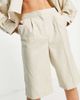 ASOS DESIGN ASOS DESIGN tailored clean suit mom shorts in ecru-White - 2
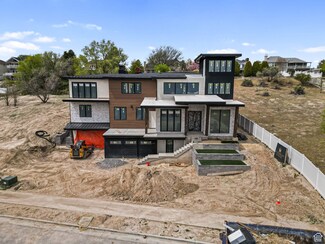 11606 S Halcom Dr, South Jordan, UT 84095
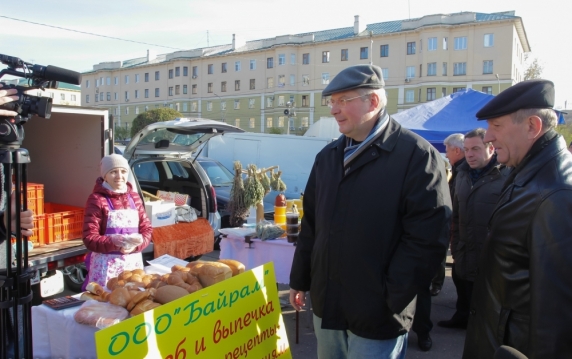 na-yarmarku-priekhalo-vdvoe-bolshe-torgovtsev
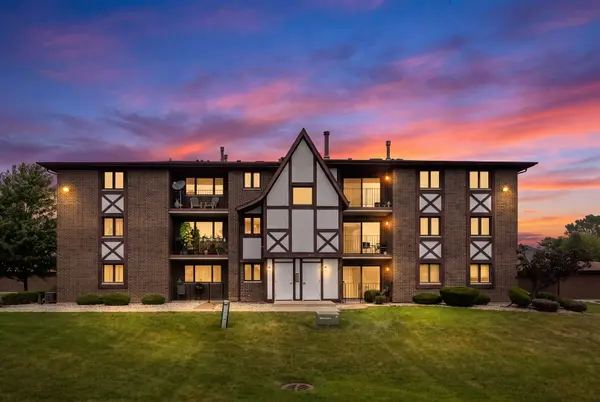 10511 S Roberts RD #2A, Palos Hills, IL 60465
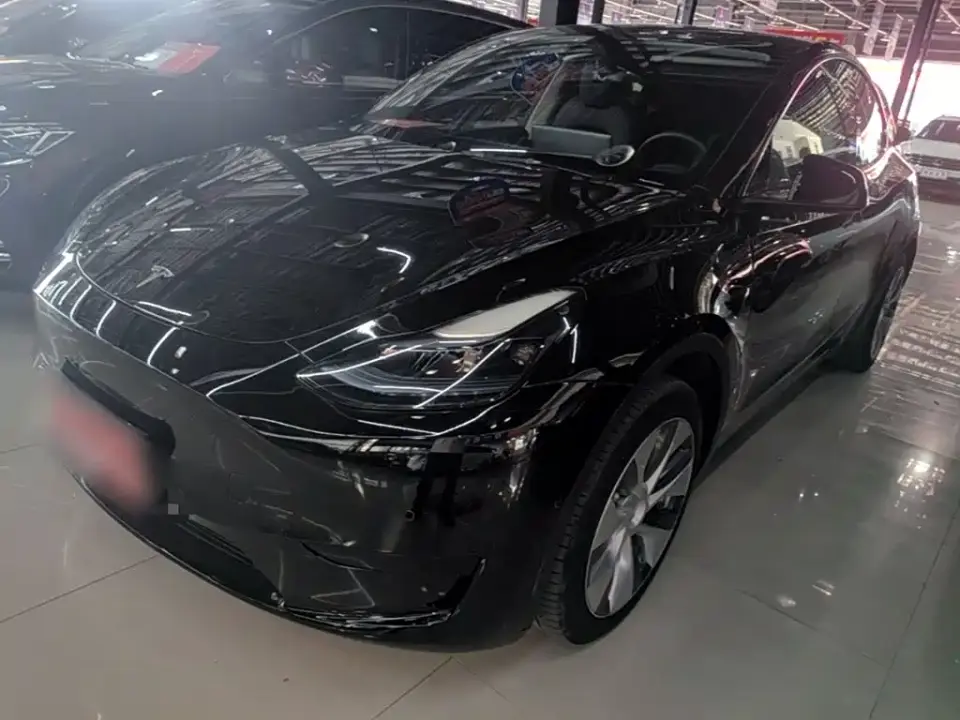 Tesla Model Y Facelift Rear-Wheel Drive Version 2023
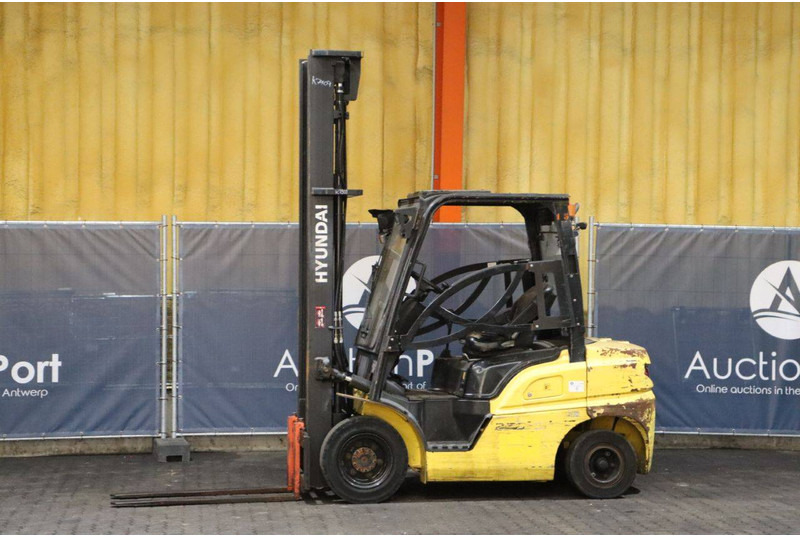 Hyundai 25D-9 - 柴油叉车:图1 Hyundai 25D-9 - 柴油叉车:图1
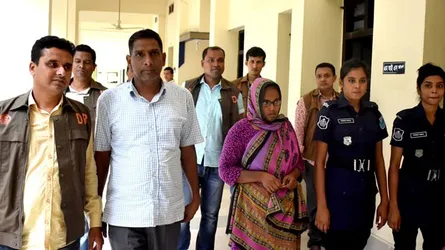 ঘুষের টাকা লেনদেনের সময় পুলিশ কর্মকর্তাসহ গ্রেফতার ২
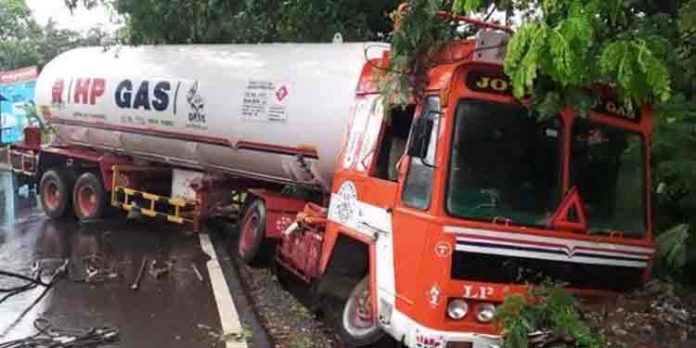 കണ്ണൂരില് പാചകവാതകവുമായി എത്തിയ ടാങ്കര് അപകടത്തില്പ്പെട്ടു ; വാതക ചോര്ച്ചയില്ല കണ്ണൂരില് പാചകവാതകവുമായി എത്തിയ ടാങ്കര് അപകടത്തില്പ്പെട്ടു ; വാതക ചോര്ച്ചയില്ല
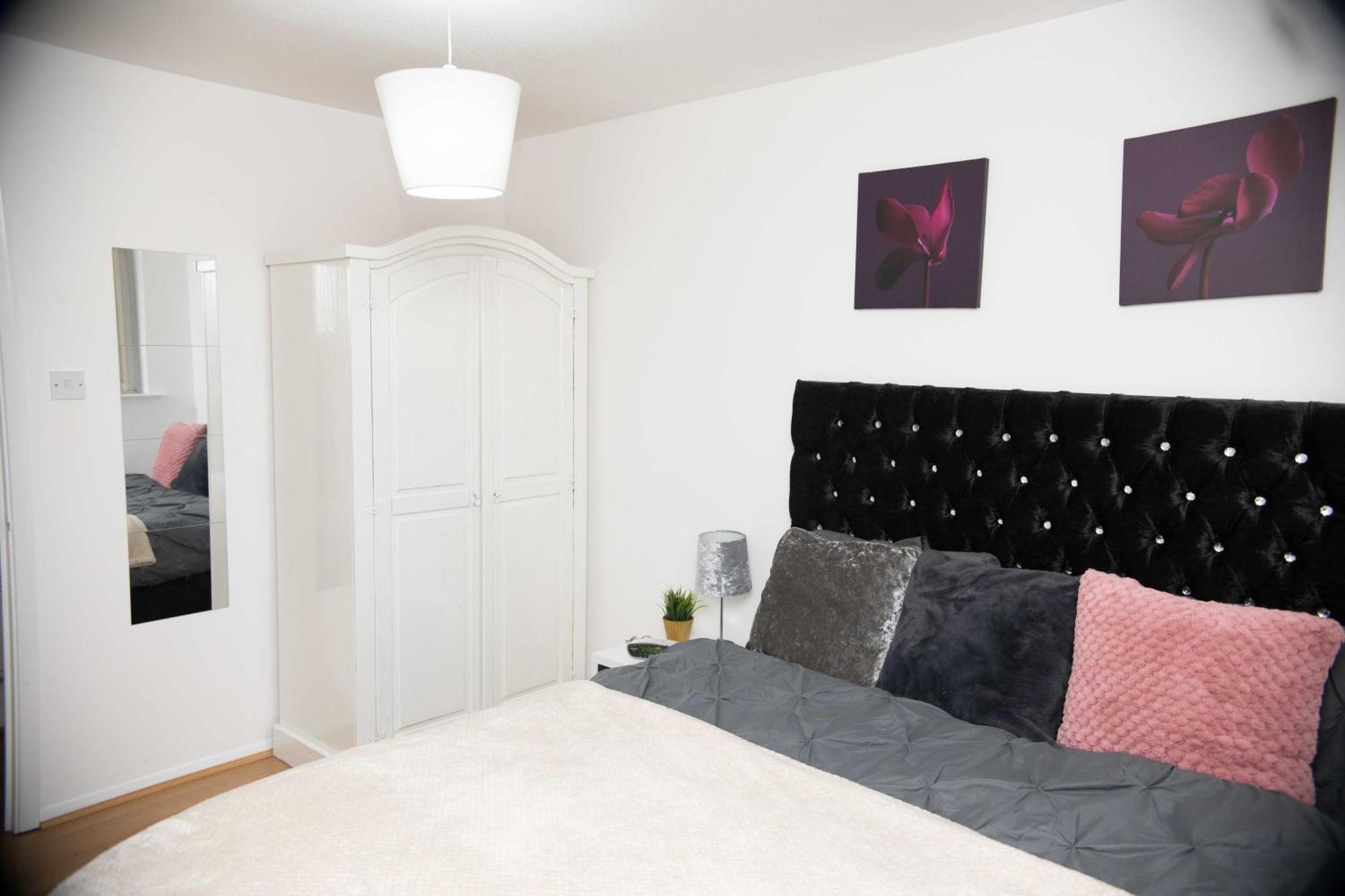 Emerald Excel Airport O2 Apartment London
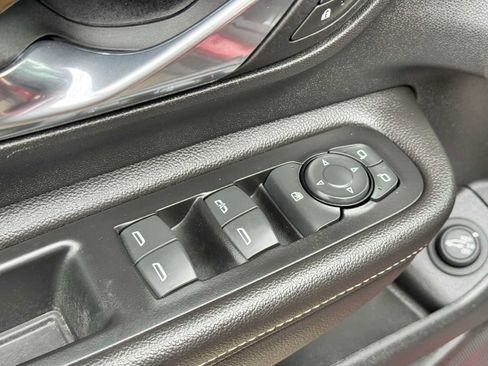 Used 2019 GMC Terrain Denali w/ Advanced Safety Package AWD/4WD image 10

************

EXERCISE REQUIREMENTS: When the line containing "10511 S Roberts" has been located, retype it and each line after it through the end of the records, excluding the pictures and adding nothing else.

TASK RESPONSE:
 10511 S Roberts RD #2A, Palos Hills, IL 60465
 Tesla Model Y Facelift Rear-Wheel Drive Version 2023
 Hyundai 25D-9 - 柴油叉车:图1 Hyundai 25D-9 - 柴油叉车:图1
 ঘুষের টাকা লেনদেনের সময় পুলিশ কর্মকর্তাসহ গ্রেফতার ২
 കണ്ണൂരില് പാചകവാതകവുമായി എത്തിയ ടാങ്കര് അപകടത്തില്പ്പെട്ടു ; വാതക ചോര്ച്ചയില്ല കണ്ണൂരില് പാചകവാതകവുമായി എത്തിയ ടാങ്കര് അപകടത്തില്പ്പെട്ടു ; വാതക ചോര്ച്ചയില്ല
 Emerald Excel Airport O2 Apartment London
 Used 2019 GMC Terrain Denali w/ Advanced Safety Package AWD/4WD image 10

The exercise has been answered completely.